In Fear and Loathing in Las Vegas, a similar concept undoubtedly emerges in which the dystopic circumstances that Duke and his attorney reside in draw fascination from readers due to the fact that they seem to be so oblivious to living in a completely alternate reality. In one scene, Duke randomly tells a waitress “we’re looking for the American Dream” (p.164), yet from a wider angle the whole novel consists of two protagonists manipulating their vision of the world with hallucinogens and substances and getting involved with violent acts that ultimately lead them down a nightmarish path, deeming it almost impossible to seek any form of an ‘American Dream’. In some ways Thompson takes the opportunity to employ dark comedy to criticize American culture in the sixties and its conventional advertisement of the American Dream to be hard-earned capitalist success, where he perhaps believes that there ought to have been a change to this ideology. The novel is filled with surreal imagery that are solely as a result of drug hallucinations, to the point where “reality itself is too twisted” (p.47), and just like with A Clockwork Orange and The Butcher Boy, the sense of entrapment is revealed as a dystopia’s biggest penalty, however ‘free’ one feels.
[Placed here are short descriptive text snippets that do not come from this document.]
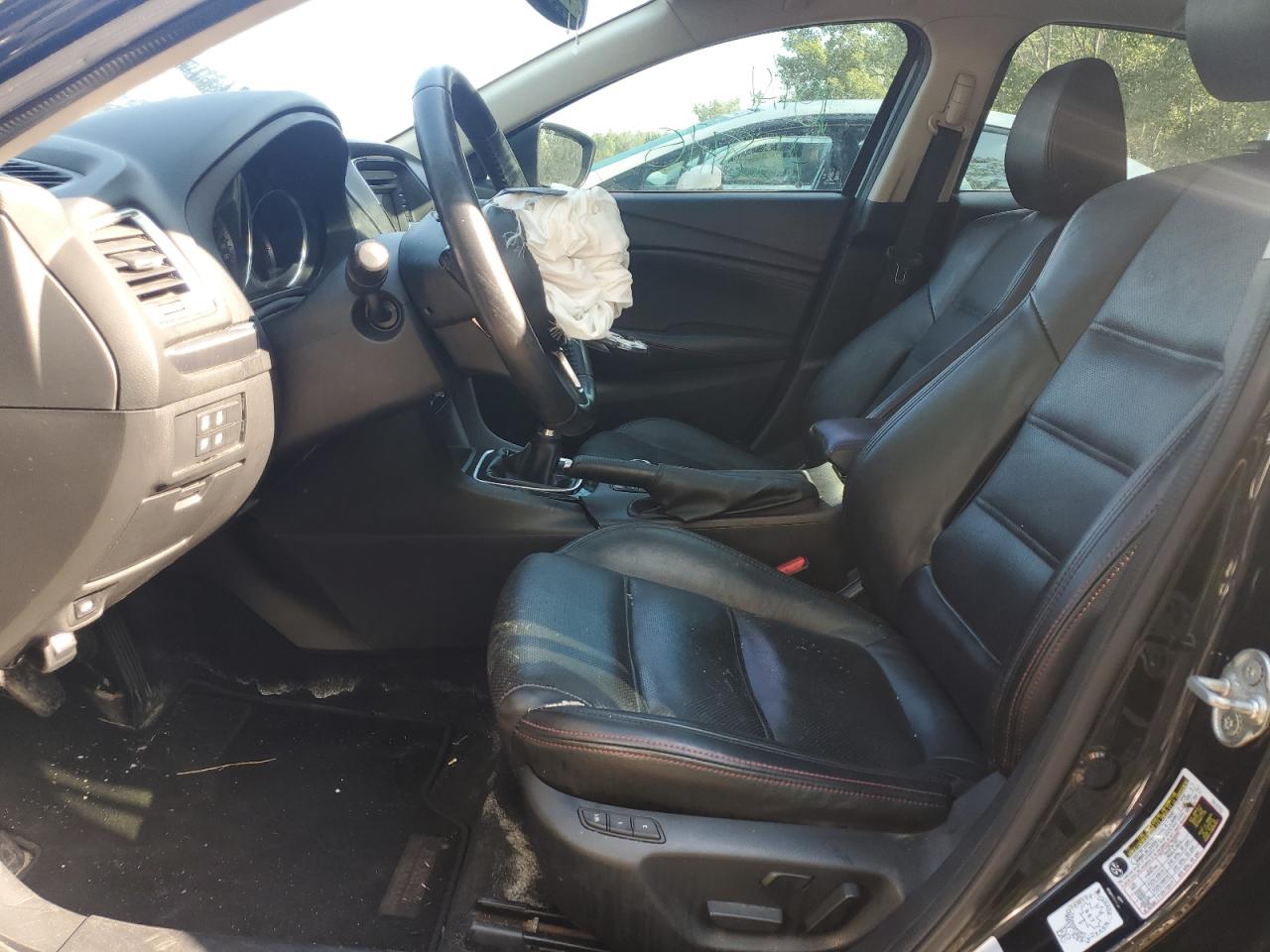 2014 Mazda 6 Grand Touring VIN: JM1GJ1W66E1137717 Lot: 71803265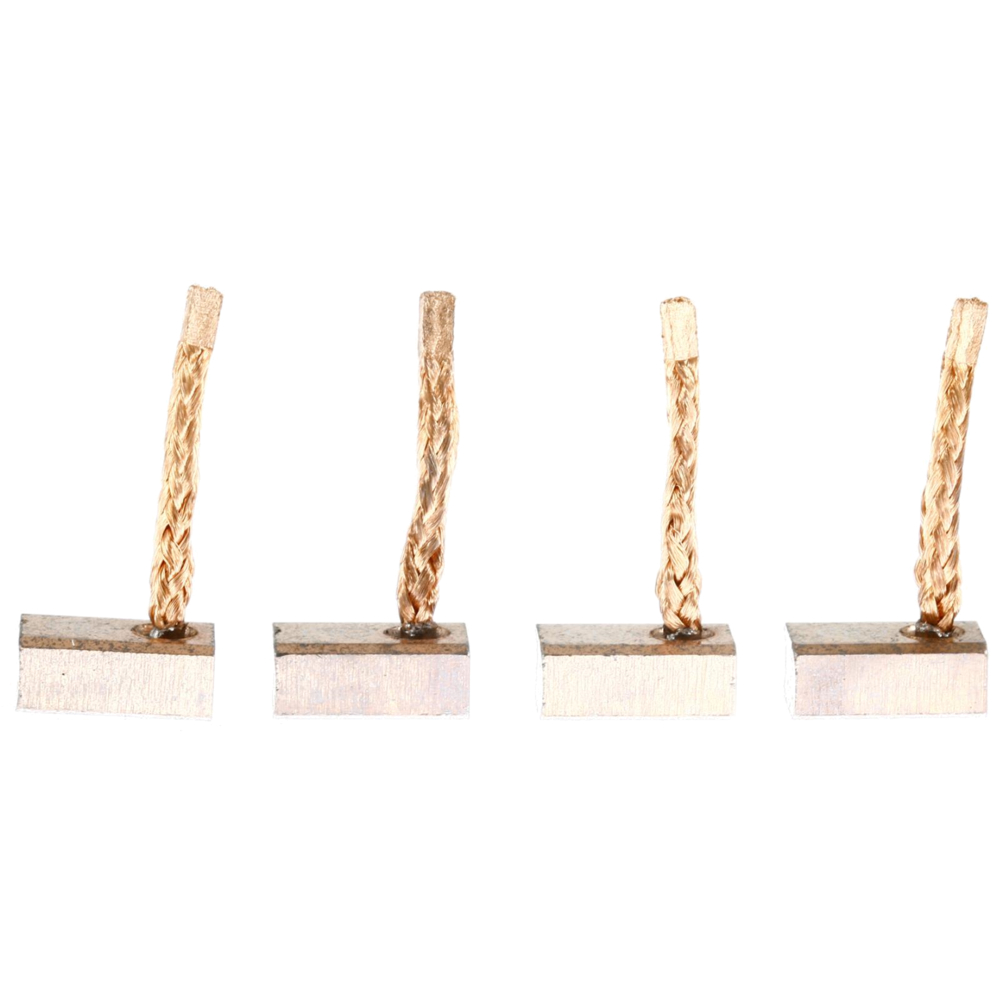 Charbon balai de démarreur (4 pcs/set) - +Line Selected - 063.100.019.056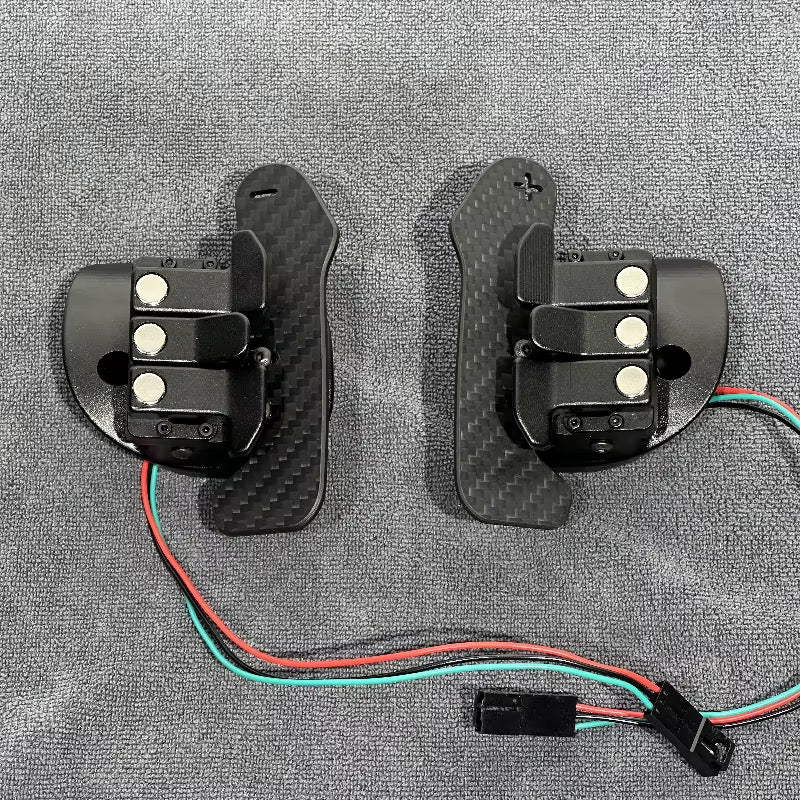 Paletas de cambio magnéticas 2015+ Charger/Challenger/Grand Cherokee/300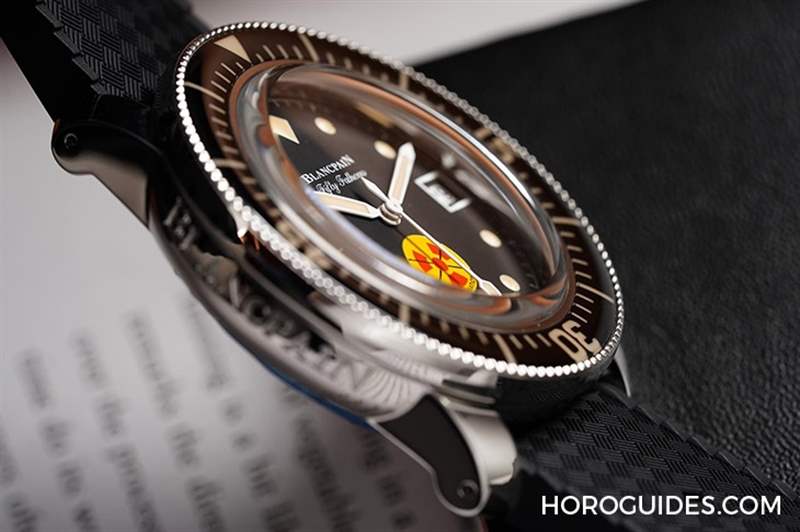 經(jīng)典再現(xiàn)！BLANCPAIN發(fā)表Fifty Fathoms五十噚無輻射復(fù)刻版腕表-復(fù)刻表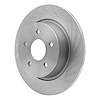 E-Line Blank Brake Rotor, 2013-2018 Ford/Lincoln/Mercury/Mazda, Position: Rear - image 1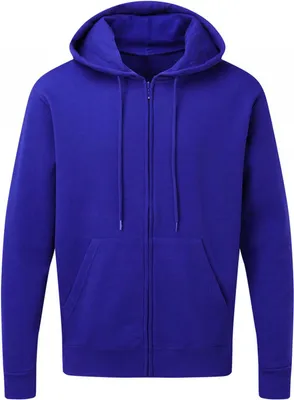 Produktbild von SG SG29 | Men's Zip Hoody - Kapuzensweatjacke für Herren - Farbe: Royal Blue - Größe: M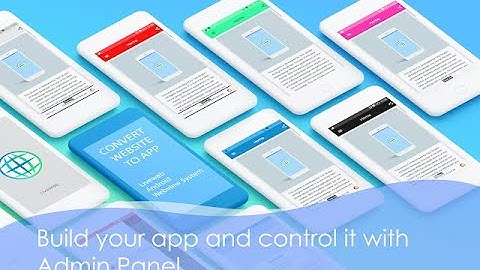 convert website to android app using Liveweb
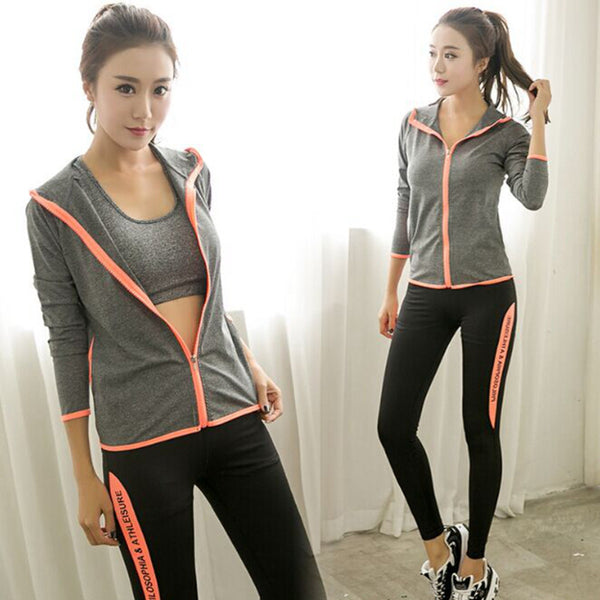 Ladies Fitness Suit (3 piece)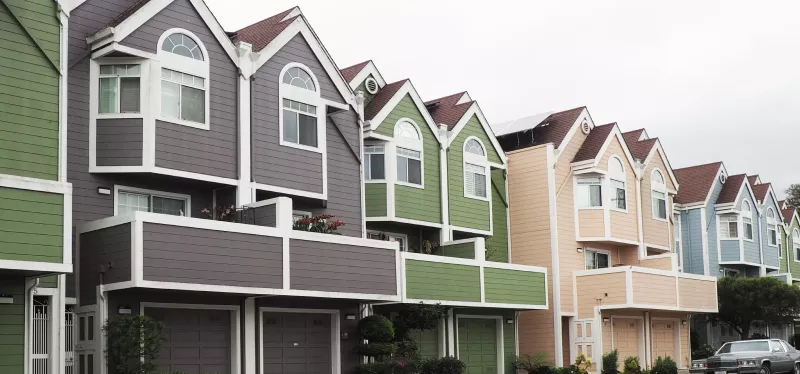  Duplex property in North Highlands with durable siding.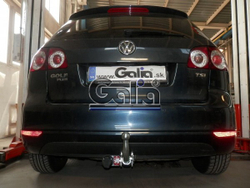 Фаркоп оцинкованный Galia A038A для Audi A3 2003-2008: хетчбек 3 двери, VW Golf V, VI, Plus хетчбек 3/5 дверей 2003-2008, 2008-2013 (2WD только)(паспорт и сертификат в комплекте)(без электрики)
Both Burgess and McCabe depict dystopian settings as a product of the corruption of both the social environment and the human mind; A Clockwork Orange sees Alex and his tribe revolt against a state that, in their eyes is unnecessarily intruding upon their lives, but in the eyes of the government stand as a force against evil, represented by the Droogs. Likewise in The Butcher Boy, Francie feels it is his duty to overcome the trauma forced upon him by the Nugents and his familial issues, yet ultimately his hypocritical mindset of combatting his trauma with violence and rebellion leads him to no productive end and seclusion from the rest of society. Therefore, it can be postulated that a ‘dystopia’ in itself is based predominantly on perspective. In the case of A Clockwork Orange, the psychological treatment is a form of dystopia for Alex, yet for the doctors presenting the treatment in front of their audience it is their formula for a utopia. Similarly in The Butcher Boy, Francie’s brutal murder of Mrs. Nugent is in many ways a symbol of his freedom from the imprisonment he has experienced in his own dystopic bubble up until this point, and perhaps represents a light into a utopia for him, when in reality he has created an even harsher, less forgiving dystopia for himself.